The ARLAS API makes the ARLAS catalog available for exploration and browsing. The catalog contains collections of geo-referenced elements. Every element has a geometry, a centroid, a timestamp and a set of fields specific to the collection.

URL Schema

The table below lists the URL endpoints and their optional "parts". A part is composed of optional parameters. The parameters are seperated with the character &.

PATH Template Description
/arlas/explore/_list List the collections configured in ARLAS
/arlas/explore/{collection}/_describe?form Describes the structure and the content of the given collection
/arlas/explore/{collection}/_count?filter & form Counts the number of elements found in the collection, given the filters
/arlas/explore/{collection}/_range?field & filter & form Calculates the min and max values of a field in the collection, given the filters
/arlas/explore/{collection}/_search?filter & form & projection & page Search and return the elements found in the collection, given the filters
/arlas/explore/{collection}/_geosearch?filter & form & projection & page Search and return the elements found in the collection as features, given the filters
/arlas/explore/{collection}/_geosearch/{z}/{x}/{y}?filter & form & projection & page Search and return the elements found in the collection and localized in the given tile(x,y,z) as features, given the filters
/arlas/explore/{collections}/_aggregate?aggregation &filter & form Aggregate the elements in the collection(s), given the filters and the aggregation parameters
/arlas/explore/{collections}/_geoaggregate?aggregation &filter & form Aggregate the elements in the collection(s) as features, given the filters and the aggregation parameters
/arlas/explore/{collections}/_geoaggregate/{geohash}?aggregation &filter & form Aggregate the elements in the collection(s) and localized in the given {geohash} as features, given the filters and the aggregation parameters
/arlas/explore/{collections}/_suggest?filter & form & size & suggest Suggest the the n (n=size) most relevant terms given the filters

When multiple collections are permitted ({collections}), the comma is used for separating the collection names.

Examples
https://api.gisaia.com/demo/arlas/explore/_describe
https://api.gisaia.com/demo/arlas/explore/city,state,country/_describe
https://api.gisaia.com/demo/arlas/explore/city,state,country/_count?q=bord*&f=country:France&pretty=true
https://api.gisaia.com/demo/arlas/explore/election/_search?f=country:France&f=$timestamp:range:[0<1490613808000]&pretty=true&size=1000&include=id,name
https://api.gisaia.com/demo/arlas/explore/election/_aggregate?f=country:France&f=$timestamp:range:[0<1490613808000]&pretty=true&size=1000&include=id,name&agg=geohash&agg_interval=4

All URLs are accessible both with GET and POST requests. For POST requests, URL parts are passed as a JSON representation.

URL Parts

Part: aggregation

The [aggregation] url part allows the following parameters to be specified:

Parameter Default value Description Multiple
agg None Gathers a set of sub-parameters indicating the type of aggregation, the field used as the aggregation key and possibly the interval for numeric values true for _aggregate only

The agg parameter should be given in the following format :

  • {type}:{field}:interval-{interval}:format-{format}:collect_field-{collect_field}:collect_fct-{function}:order-{order}:on-{on}:size-{size}

Where the {type}:{field} part is mandatory

The other parts must be specified or not depending on the aggregation type. All the cases are sum up in the following table.

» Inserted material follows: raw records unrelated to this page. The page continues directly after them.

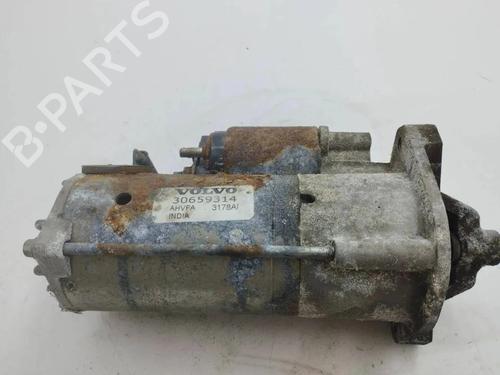 Used Starter Starter 33258120 33258120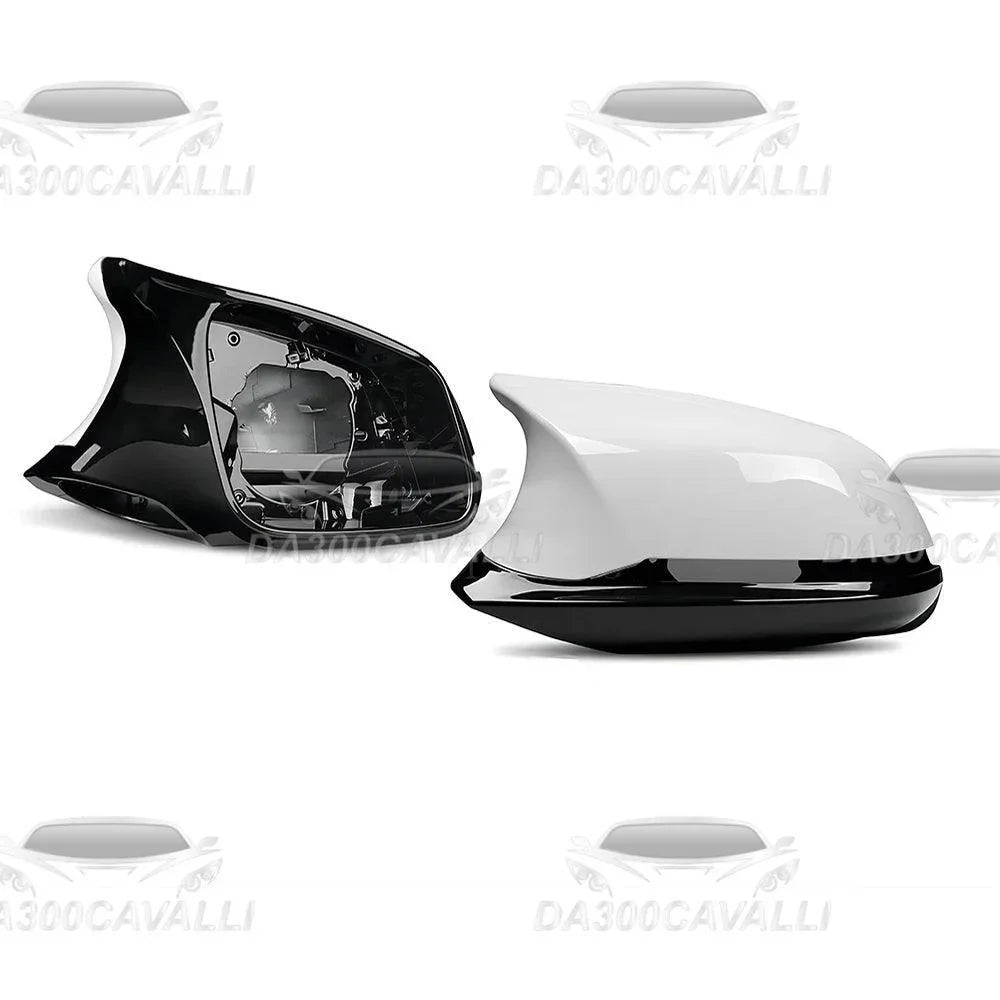 calotte-specchietti-bmw-serie-4-x1-m2-i3-f80-f33-f36-e84-f87-da300cavalli-4 - Da300Cavalli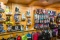 Top Shop Image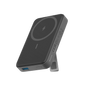 Anker Magnetic Battery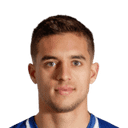 Kevin Gutiérrez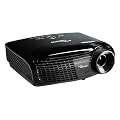 Optoma HD230X Full HD 1080p Home Cinema Projector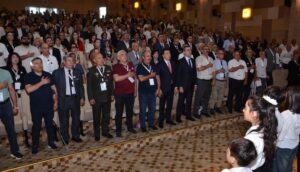 d7d79a1e7bc55d225a6a3bd17c4e6c3f_cd051b204c2ea3f28d0976f4f6b18a85_56f2b6d970d289bf63957f906196f846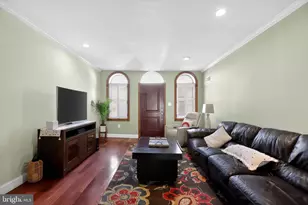 348 Wolf St, Philadelphia, PA 19148 - Photo 6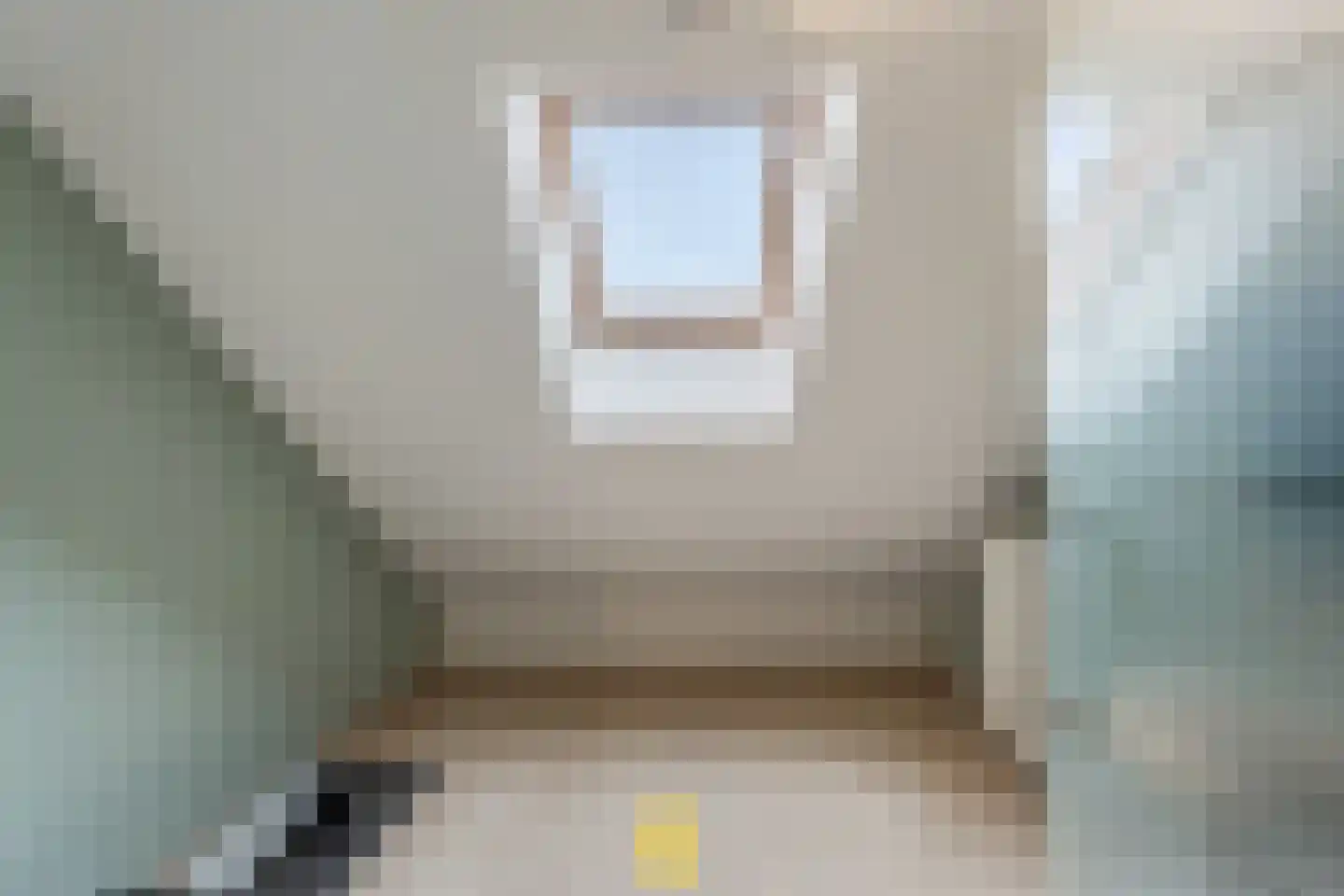 Laan van België 3740 Bilzen Roosendaal thumbnail 32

Parameter Aggregation type Description
interval datehistogram, histogram, geohash mandatory
format datehistogram optional (default value : yyyy-MM-dd-HH:mm:ss)
(collect_field,collect_fct) All types optional and multiple
(order,on) term, histogram, datehistogram optional
size term, geohash optional
include term optional
fetch_geometry All types optional
fetch_hits All types optional

Example: agg=datehistogram:date:interval-20day:format-dd.MM.yyyy&agg=term:sexe:collect_field-age:collect_fct-avg:order-asc:on-result:size-5

The sub-parameters possible values are:

Parameter Values Description
{type} datehistogram, histogram, geohash, term Type of aggregation
{field} {field} Aggregates on {field}
interval {interval} Size of the intervals.(1)
format Date format for key aggregation Date format for key aggregation.
collect_field {collect_field} The field used to aggregate collections.
collect_fct avg,cardinality,max,min,sum,geobbox,geocentroid (2) The aggregation function to apply to collections on the specified collect_field.
order asc,desc Sorts the aggregation buckets on the field name, on the count of the buckets or on the the result of a metric sub-aggregation, ascending or descending.
on field,count,result (3) (3') {on} is set to specify whether the order is on the field name, on the count of the aggregation or the result of a metric subaggregation.
size {size} Defines how many buckets should be returned.
include Comma separated strings (4) Specifies the values for which buckets will be created.
fetch_geometry bbox, centroid, byDefault, first, last, {field}-first, {field}-last, geohash or nothing specified Specifies which geometry to fetch for each bucket (5)(6)
fetch_hits {optionalNumberOfHist}(+{field1}, {field2}, -{field3}, ...) | Specifies the number of hits to retrieve inside each aggregation bucket and which fields to include in the hits. The hits can be sorted according 0-* fields by preceding the field name by+for ascending sort,-` for descending sort or nothing if no sort is desired on a field.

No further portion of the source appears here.